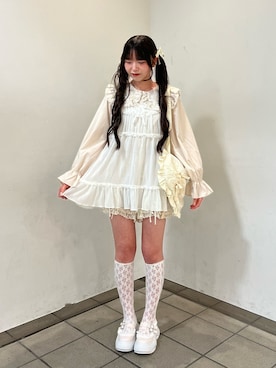 kanakoさん(レディース・161cm)の夏コーディネート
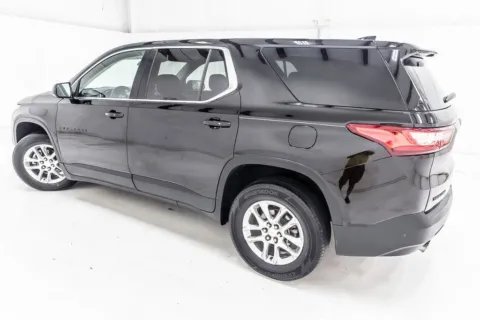 More photos of 2019 Chevrolet Traverse LS at Sign It Drive It, TX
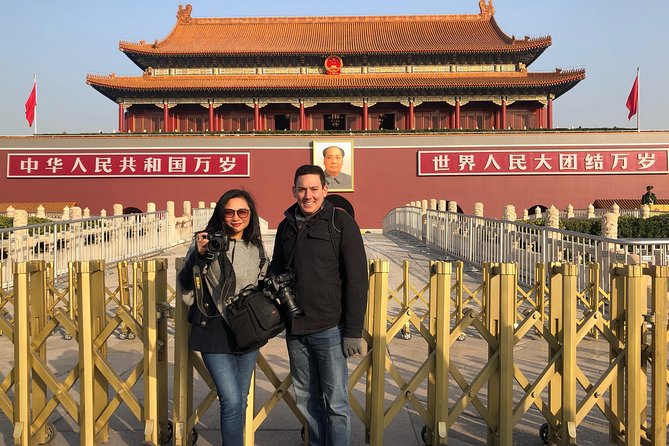 Explore Beijing with camera--City Walk tour with Professional photography guide - From imperial gates to neighborhood lanes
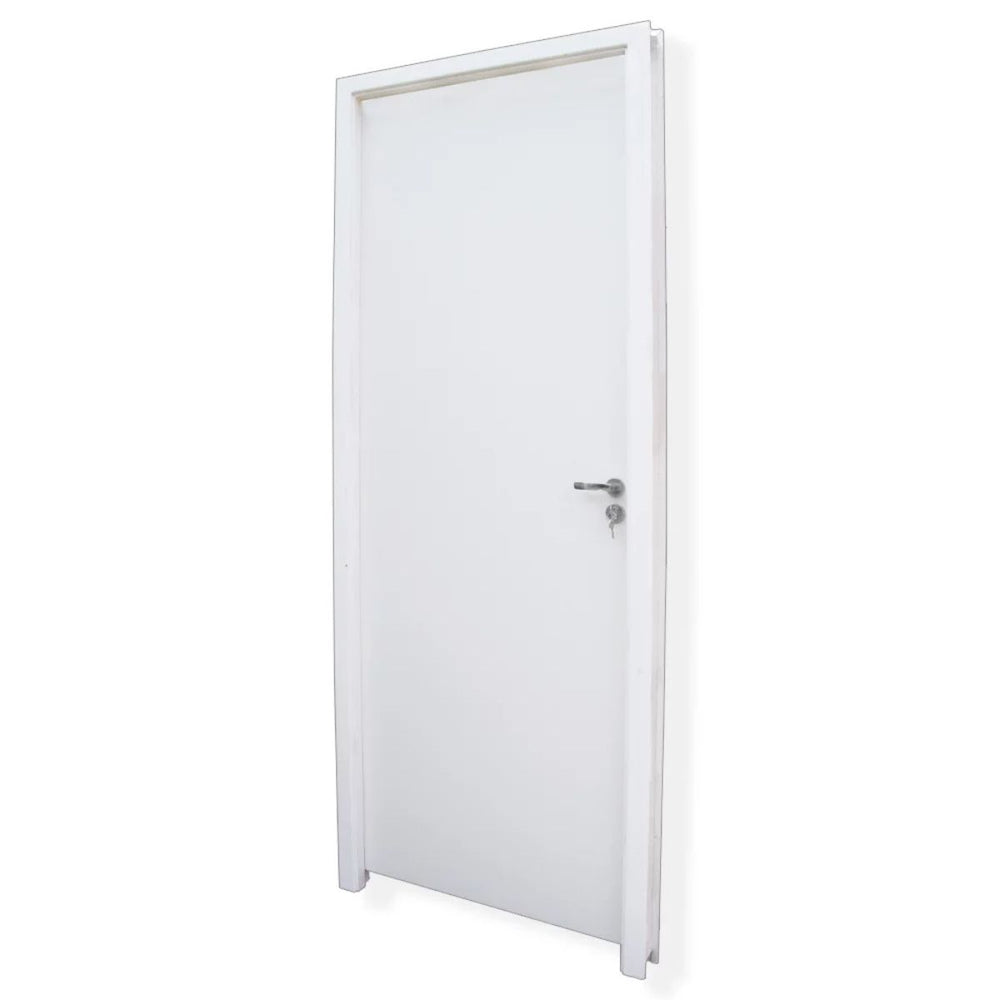 Porta para Drywall Eucatex Completa com Guarnição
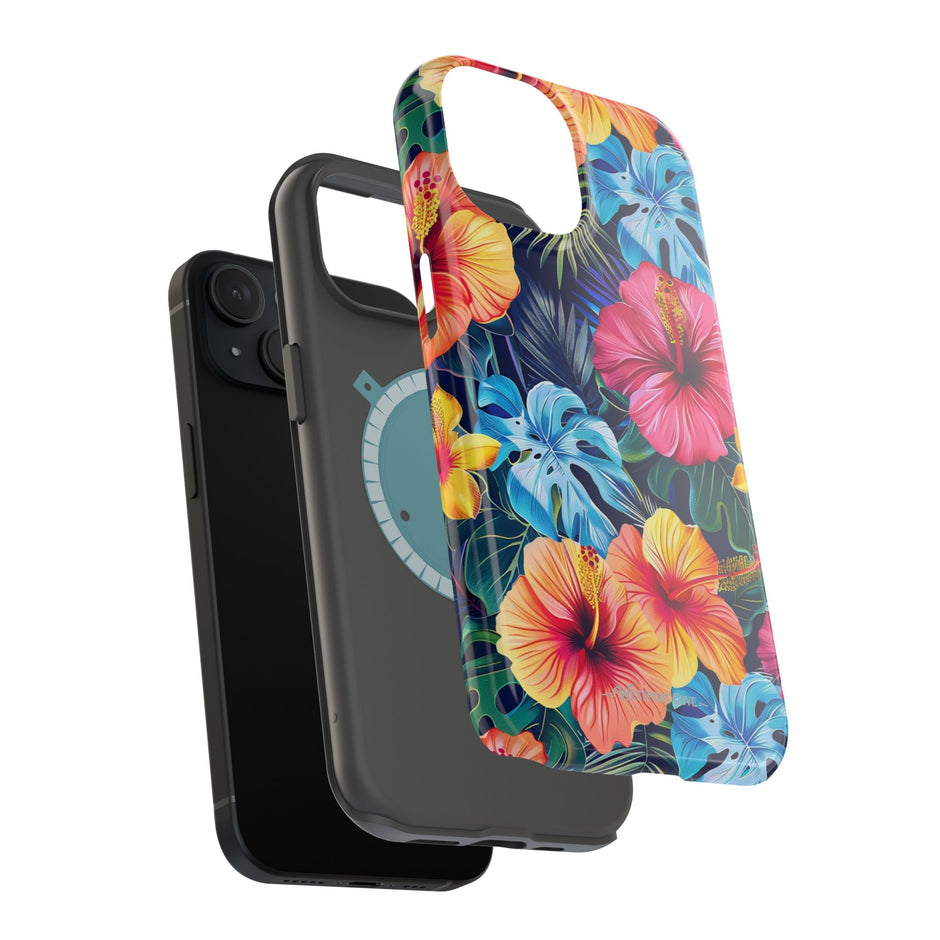 Tropical Hibiscus - Extreme Phone Case - Westport Cove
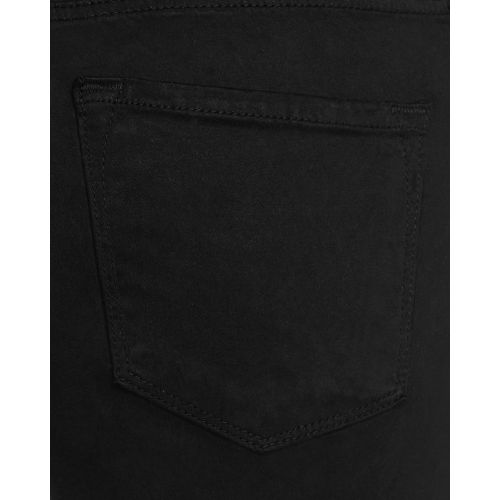  J Brand Mama J Super Skinny Maternity Jeans in Black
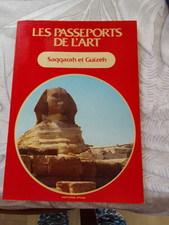 SAQQARAH et GUIZEH - Les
● ● ● ● ● ● ●
# What is needed
In your reply, please print exactly the lines from the one with "J Brand Mama" through the final line of the listing above, both included, and no pictures.

# Solution to this problem
  J Brand Mama J Super Skinny Maternity Jeans in Black
 SAQQARAH et GUIZEH - Les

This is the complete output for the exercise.